Bunların hissedilirliğini de damak hafızamızda edindikleri yer kadarıyla algılayabiliriz. Siz kahvenizi yudumladığınızda; hoş olmayan fermente ve sirke tadı hissediyorsanız "asetik asit” dengesiz ve baskın şekilde demlenmiş kahvenizde yer edinmiştir, eğer yeşil elma veya armut gibi keskin, tatlı ve hoş bir tat hissediyorsanız “malik asit” dengeli şekilde yer edinmiştir. Ve sizin tüm tatları hissedebilmeniz damak hafızanızda daha önceden yer edinip edinmemiş olmasıyla alakalıdır.
Peki Asitleri Nasıl Hoş Bir Durumda Var Ederiz?
Rahatsız edici asidite hissediyorsak bunun birçok sebebi olabilir. Olgunlaşmamış kahve meyvelerinin çekirdekleri gibi, kavrulma sürecinde verilen yanlış kararlar gibi. Fakat paketlenip bize kadar ulaşan çekirdeklerin tüm süreci doğru geçirdiğini varsayarsak “ekşi” veya “olumsuz” asiditeye sahip olmasını önüne nasıl geçebiliriz?

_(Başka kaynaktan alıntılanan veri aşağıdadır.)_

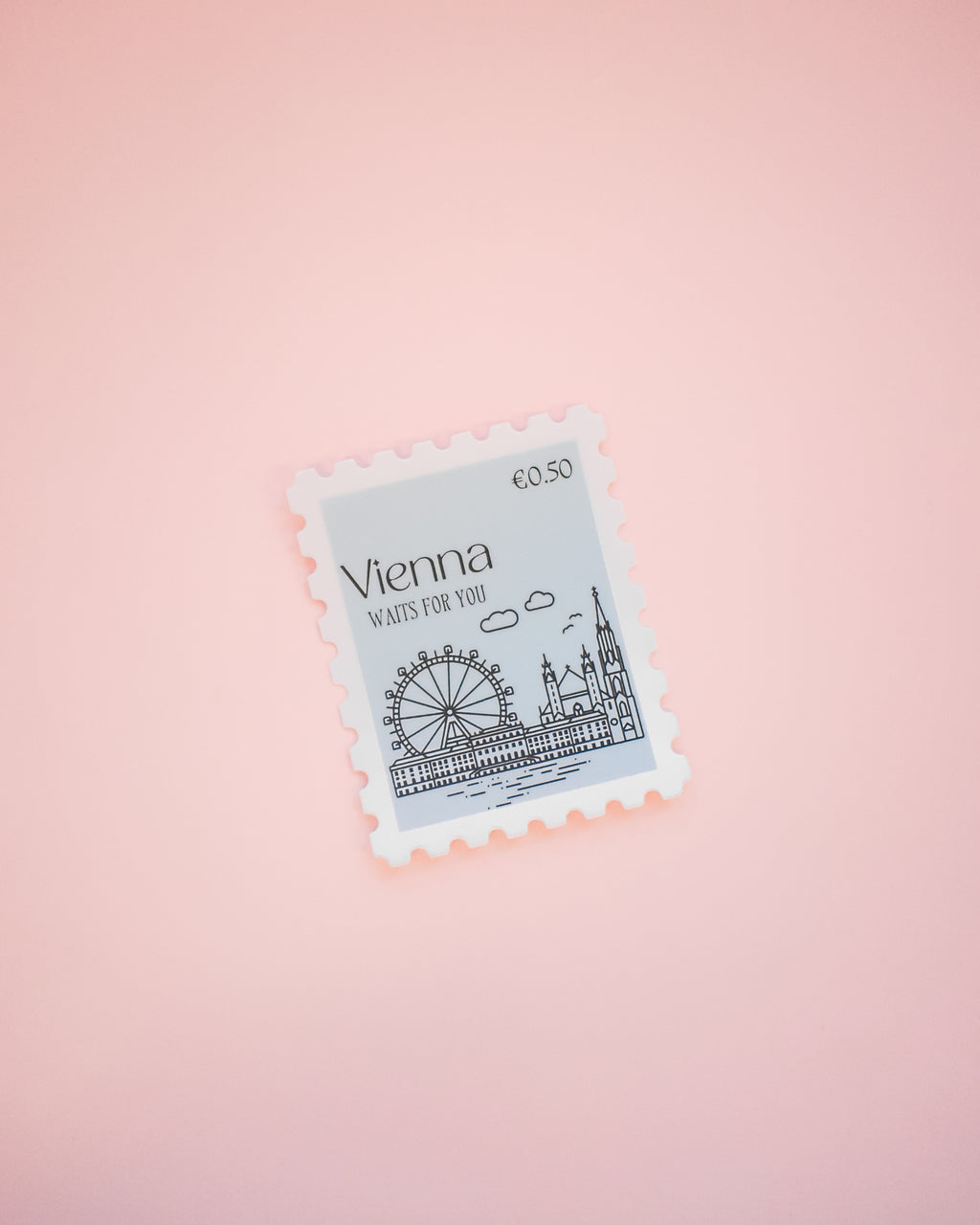 Vienna Stamp Sticker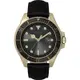 TIMEX 天美時 風格系列 43 毫米金色調經典手錶 (黑x黑 TXTW2V42200)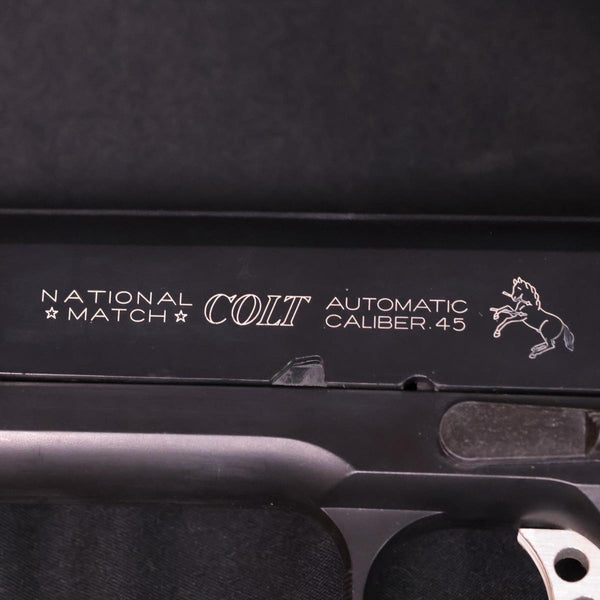 【中古】MGC コルト M1911 ナショナルマッチ モデルガン
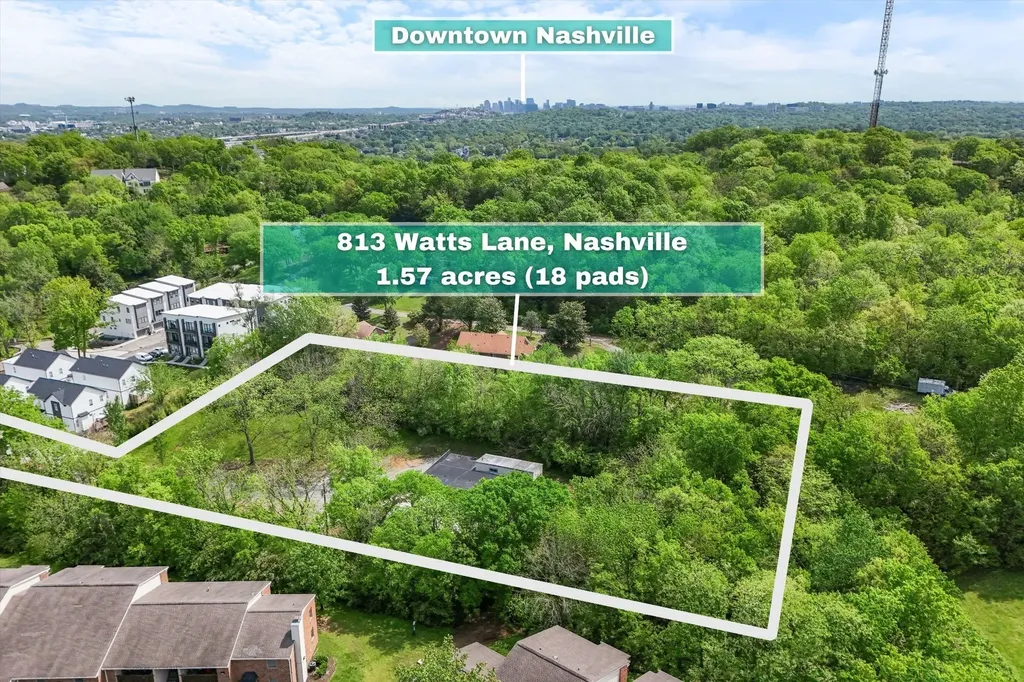 813 Watts Lane Nashville TN 37209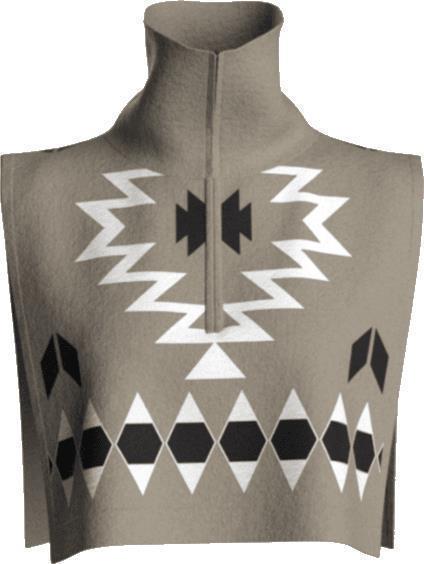 Haldi Bib - Brown 1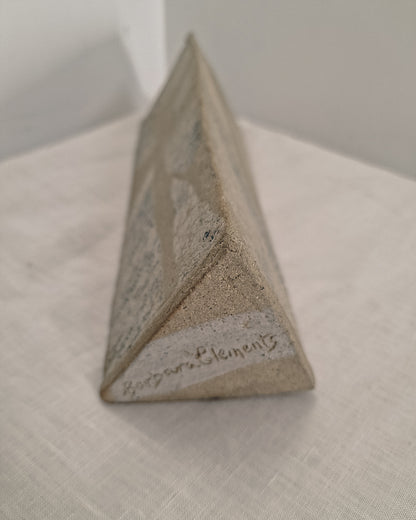 Mid Century Studio Brutalist Pottery Vase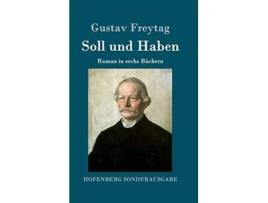 Livro Soll Und Haben De Gustav Freytag (alemão)
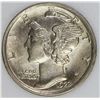 Image 1 : 1923 MERCURY DIME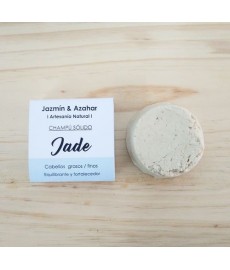 CHAMPU solido eco JADE Jazmin y Azahar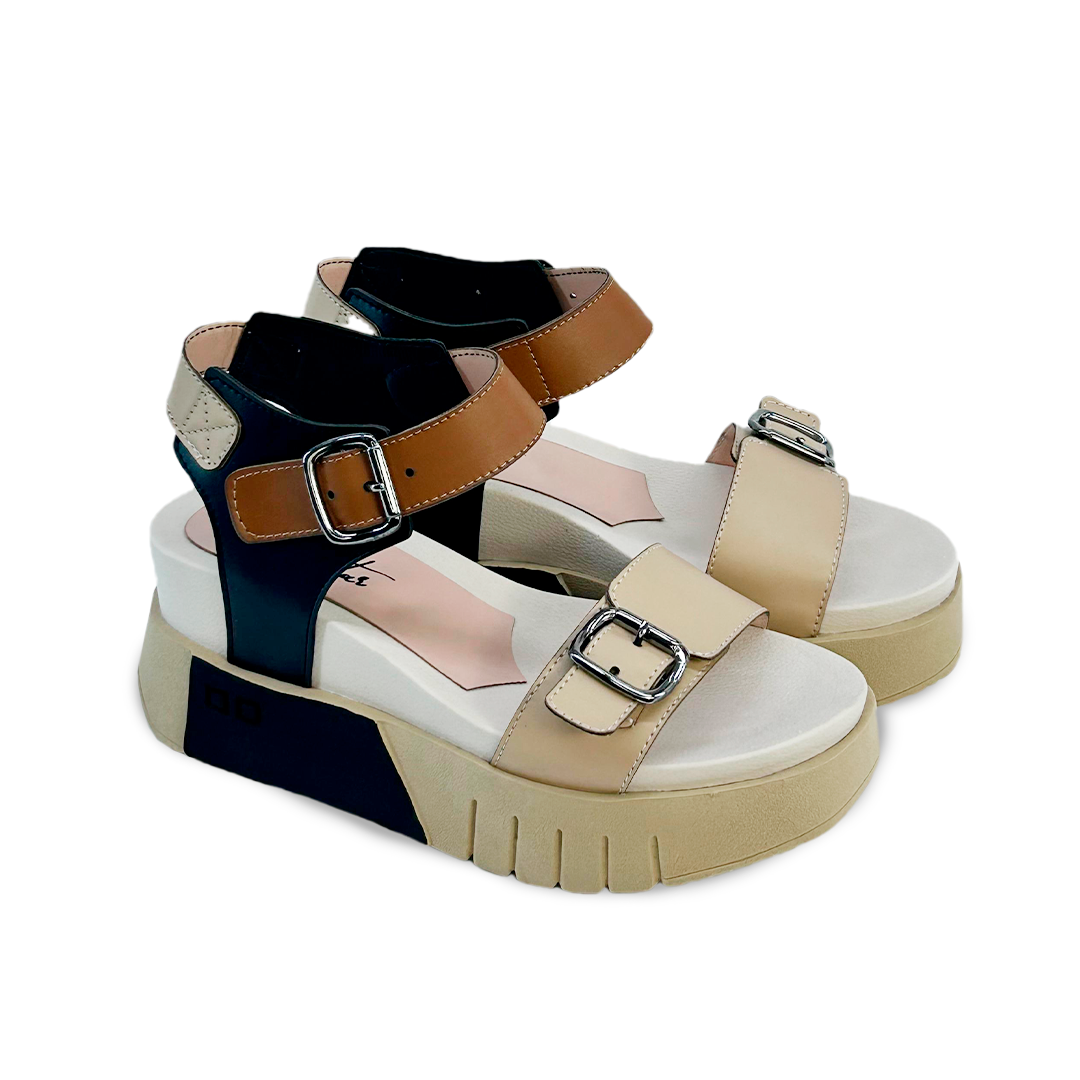 BRUNELA BEIGE CARAMELO-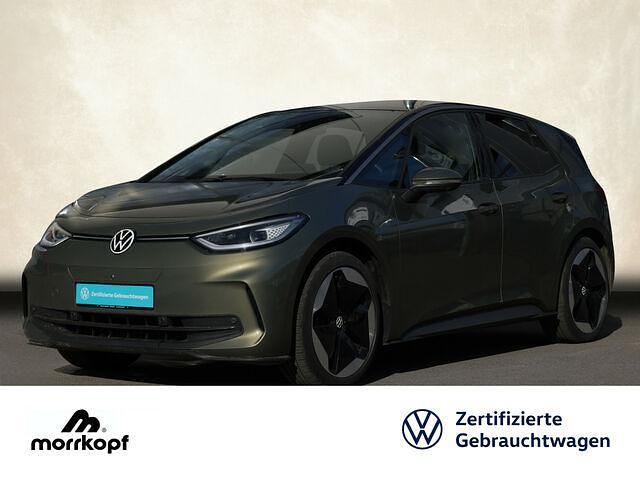 Gebraucht VW ID.3 Pro 150 kW (204 PS) 2023 Dark olivine green (grün), metallic Kleinwagen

Kahve çekirdeği satın alırken kalitelerini göz önünde bulundurmamız önemlidir, bu kaliteyi fiyatlarıyla ve güvendiğiniz kavurma şirketleriyle ilişkilendirebilirsiniz. Öncelikle satın alacağınız çekirdekleri orta veya koyu kavrulmuş profilde tercih yapabiliriz. Kavurma profili asitlerin hissedilirliği üzerinde etkiye sahiptir. Bir diğer seçim filtremiz; kahve çekirdeğinin yetiştiği rakım ve içerdiği tadım notalarıdır. Eğer yüksek rakımda yetişmiş meyvemsi tat profiline sahipse bu çekirdeklerden elde edeceğiniz kahve muhtemel yüksek asiditeye sahip olacaktır.
Bir diğer önemli unsur da “demleme” şeklimizdir. Seçeceğimiz demleme yönteminden kullanacağımız demleme oranına kadar etkilidir. Burası işin biraz daha çetrefilli ayrıntılı; teknik ve bilgi gerektiren bölümü. Zevkli ve heyecan verici, başlı başına ayrı bir yazı konusu ve önümüzdeki günlerde “Demleme Teknikleri 101” başlığında “Demlemeye Etki Eden Parametreler” yazımızda bunu daha ayrıntılı inceliyor olacağız.